Menteri Tidak Harus 'Munduuuuur-kan' Walapun Ditegor dan Beritanya Dimuat Di Media

DR. Emrus Sihombing, Komunikolog Indonesia.

GARDAPOS.COM - Presiden larang para menterinya bicara penundaan pemilu ataupun perpanjangan masa jabatan presiden. 

Larangan Presiden itu sangat jelas dan konkrit. Ketegasan itu sekaligus menunjukkan kekecewaan Presiden kepada menteri-menterinya yang beberapa pekan belakangan ini mewacanakan penundaan pemilu dan perpanjangan masa jabatan presiden dengan menggunakan berbagai kemasan pesan komunikasi, baik tersurat maupun tersirat. Contoh pesan tersirat, memiliki big data 110 juta warganet yang meminta supaya Pemilu 2024 ditunda.

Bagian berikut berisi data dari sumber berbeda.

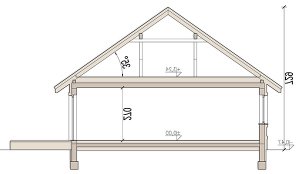 Przekrój projektu Daktyl 2 modern w wersji lustrzanej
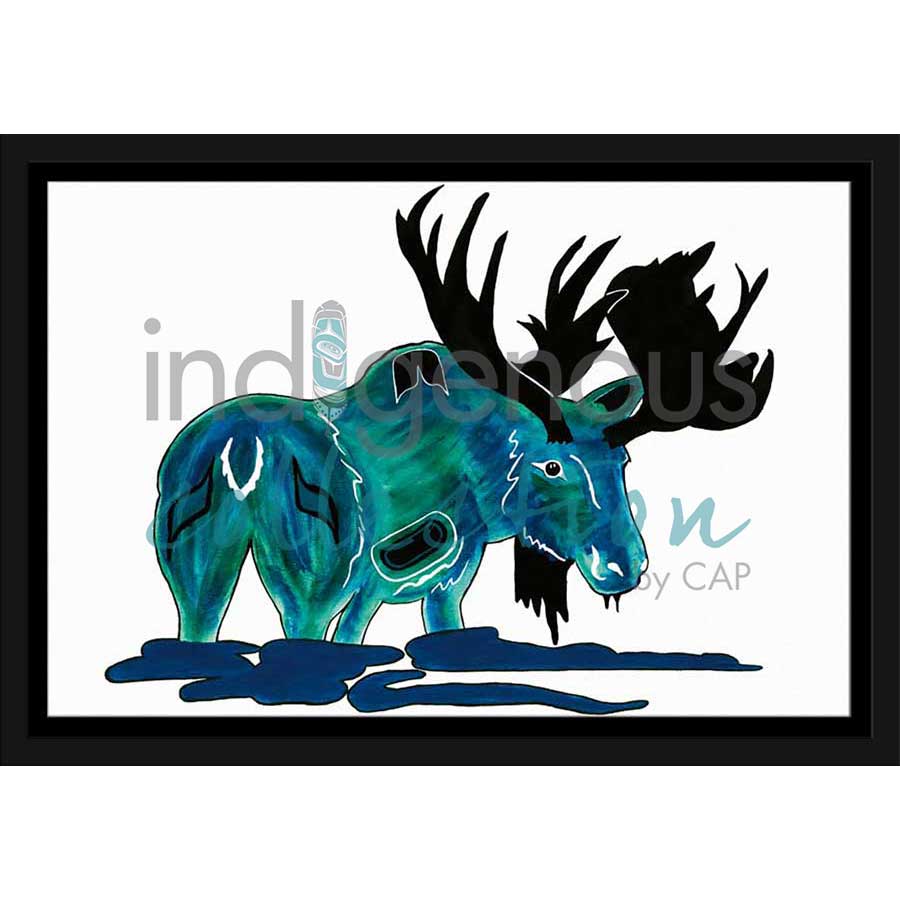 Moose by artist Diane Levesque - Kwakwaka'wakw. Indigenous Collection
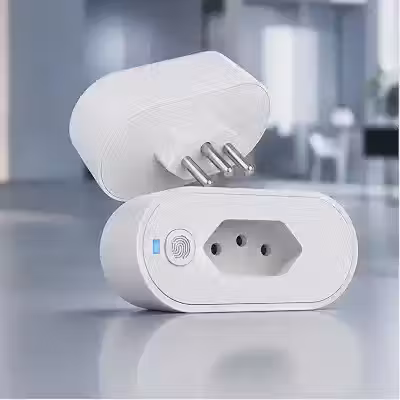 Tomada Inteligente Wi-Fi Bivolt Smart Plug | Monitor de Consumo, Controle pelo Celular | Compatível com Alexa, Google Home, Tuya e Smart Life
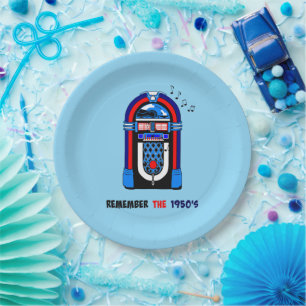 Remember the 1950's paper plate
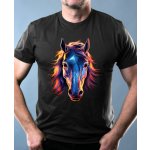Kůň, neon kolekce, V2 pánské tričko Basic – Hledejceny.cz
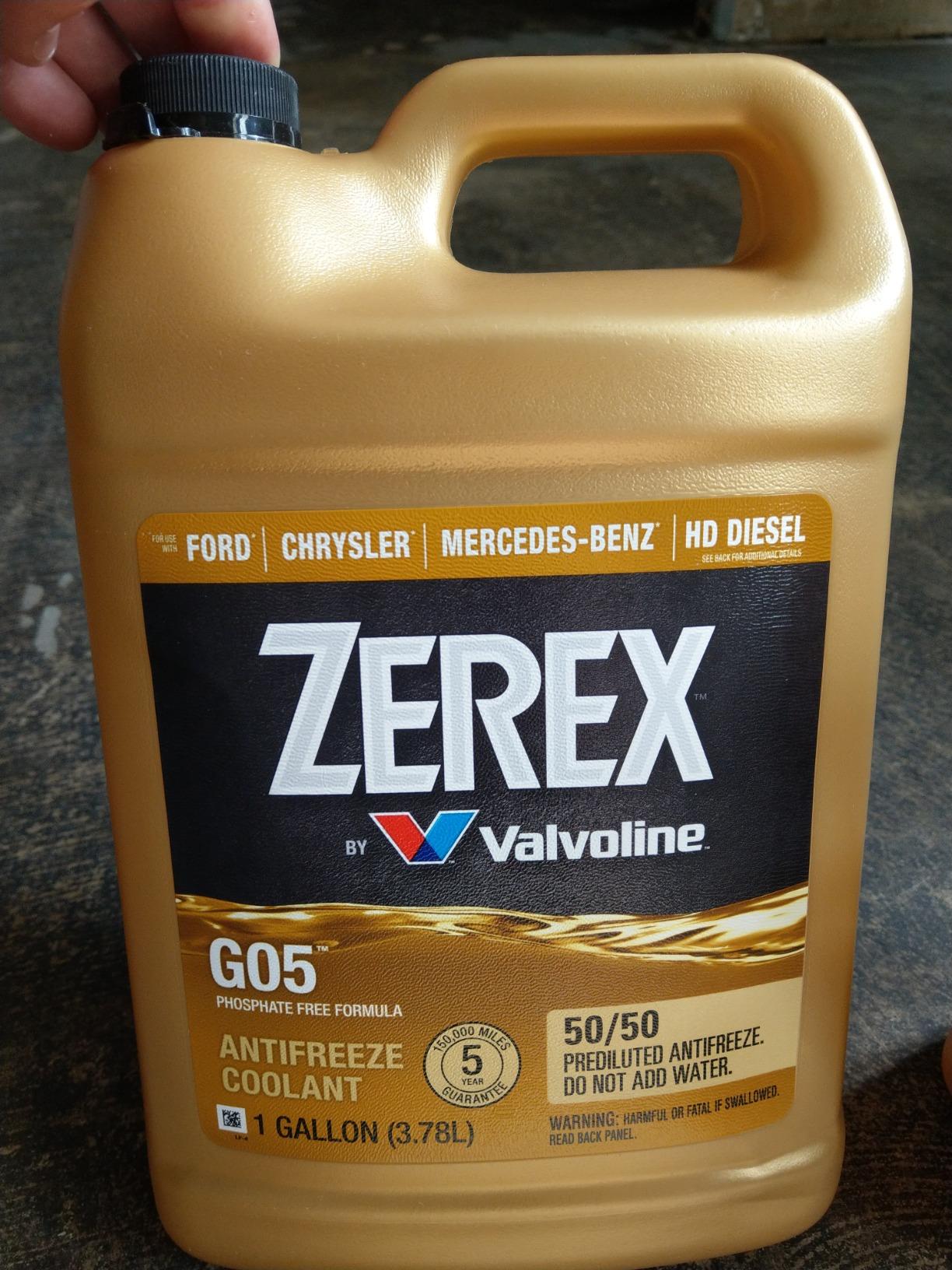 Zerex G05 Antifreeze Coolant Concentrate 1 Gallon customer photo 2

Ketegasan Presiden ini sangat konsisten dengan pernyataanya sebelumnya terkait hal yang sama. Ketika itu ia mengatakan, "... ada tiga, ingin menampar muka saya, ingin cari muka, atau ingin menjerumuskan. Itu saja," 

Karena itu, menurut hemat saya, menteri yang (merasa) ditegor sejatinya mengundurkan diri saja dari jabatan menteri, jika masih punya "muka". Lain halnya jika sudah tidak punya "muka".

Menurut hemat saya, ada dua menteri, satu menko dan satu menteri sabagai bagian dari menko tersebut yang gradasi intensitasnya tinggi "men-TOA-kan" penundaan pemilu dan atau perpanjangan masa jabatan presiden ke ruang publik.

Sedangkan satu menteri yang juga ketua umum partai, menyampaikan subyek yang relatif sama ke ruang publik, namun dengan gradasi sangat rendah. Sebab, ucapannya itu tidak agenda politik di fraksinya di Senayan. Bisa jadi menteri yang bersangkutan hanya sekedar menyampaikan pesan dari orang/aktor politik yang mempunyai motif komunikasi politik prakmatis.[]


Penulis: DR. Emrus Sihombing, Komunikolog Indonesia, Rabu 6 April 2022.